(DATA FOR THIS EXERCISE begins)
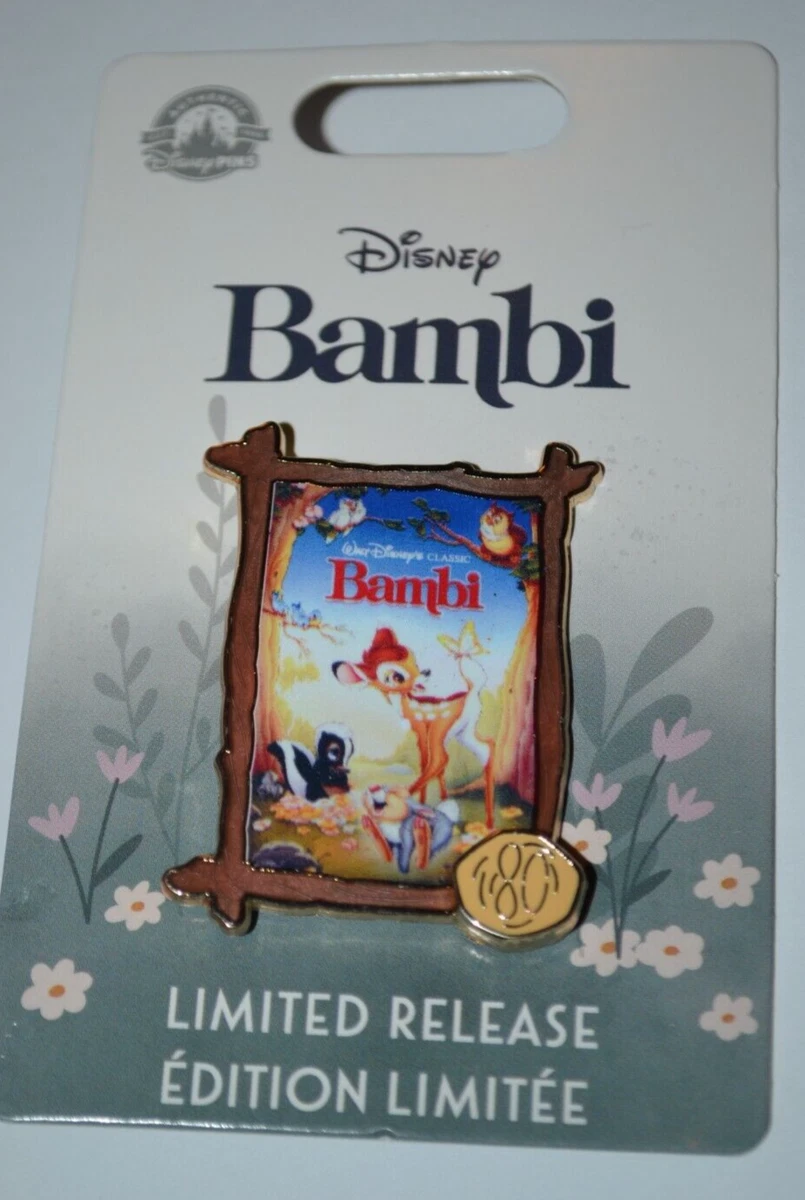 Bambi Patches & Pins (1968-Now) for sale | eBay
(DATA FOR THIS EXERCISE ends)
(DATA FOR THIS EXERCISE begins)
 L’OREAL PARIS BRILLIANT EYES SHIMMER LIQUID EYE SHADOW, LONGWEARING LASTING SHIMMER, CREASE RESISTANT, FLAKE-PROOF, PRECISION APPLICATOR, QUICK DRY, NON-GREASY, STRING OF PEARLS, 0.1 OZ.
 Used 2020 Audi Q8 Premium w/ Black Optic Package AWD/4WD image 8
(DATA FOR THIS EXERCISE ends)
(DATA FOR THIS EXERCISE begins)
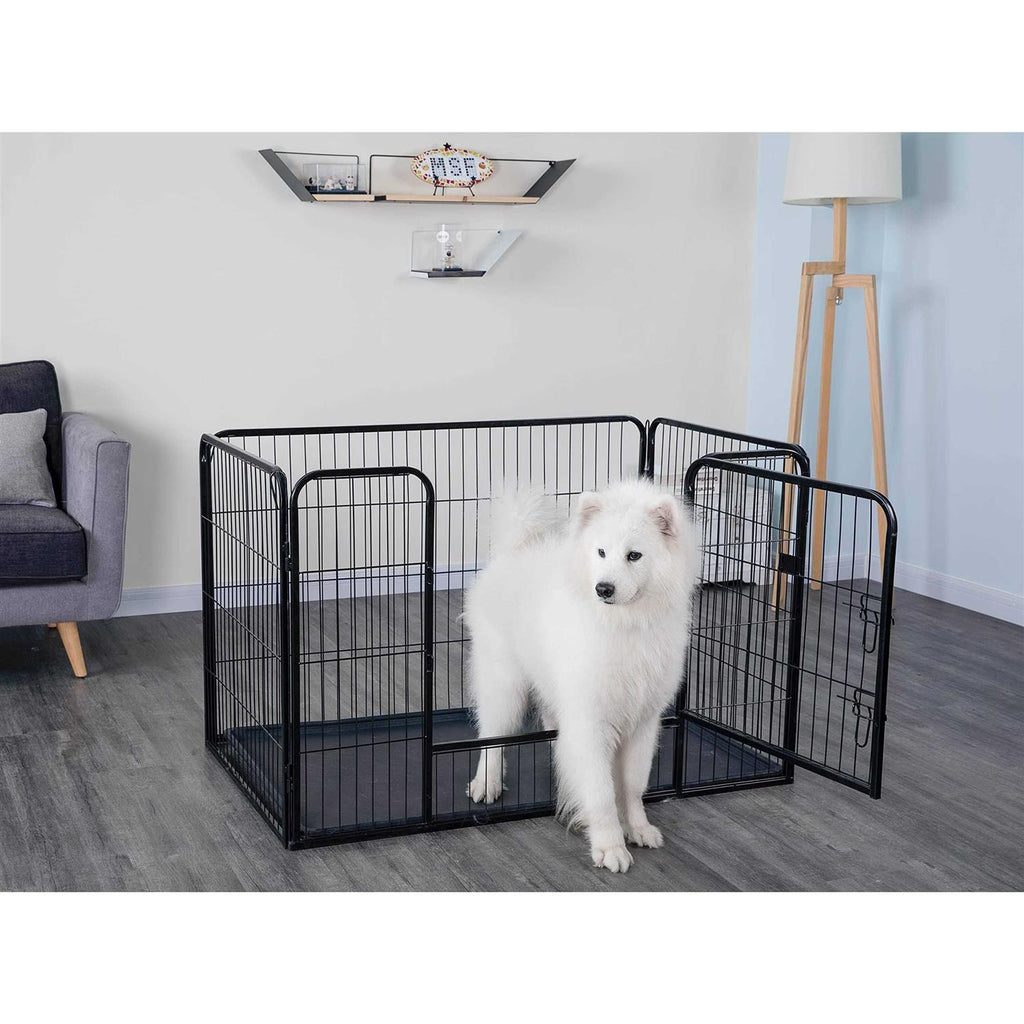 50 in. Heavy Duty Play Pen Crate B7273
(DATA FOR THIS EXERCISE ends)
- _WHAT TO DO_
Could you repeat exactly the lines in the listing above from the one with "L’OREAL PARIS BRILLIANT" down to the one with "Used 2020 Audi"? Include both of those lines.

- _FINISHED EXERCISE_
 L’OREAL PARIS BRILLIANT EYES SHIMMER LIQUID EYE SHADOW, LONGWEARING LASTING SHIMMER, CREASE RESISTANT, FLAKE-PROOF, PRECISION APPLICATOR, QUICK DRY, NON-GREASY, STRING OF PEARLS, 0.1 OZ.
 Used 2020 Audi Q8 Premium w/ Black Optic Package AWD/4WD image 8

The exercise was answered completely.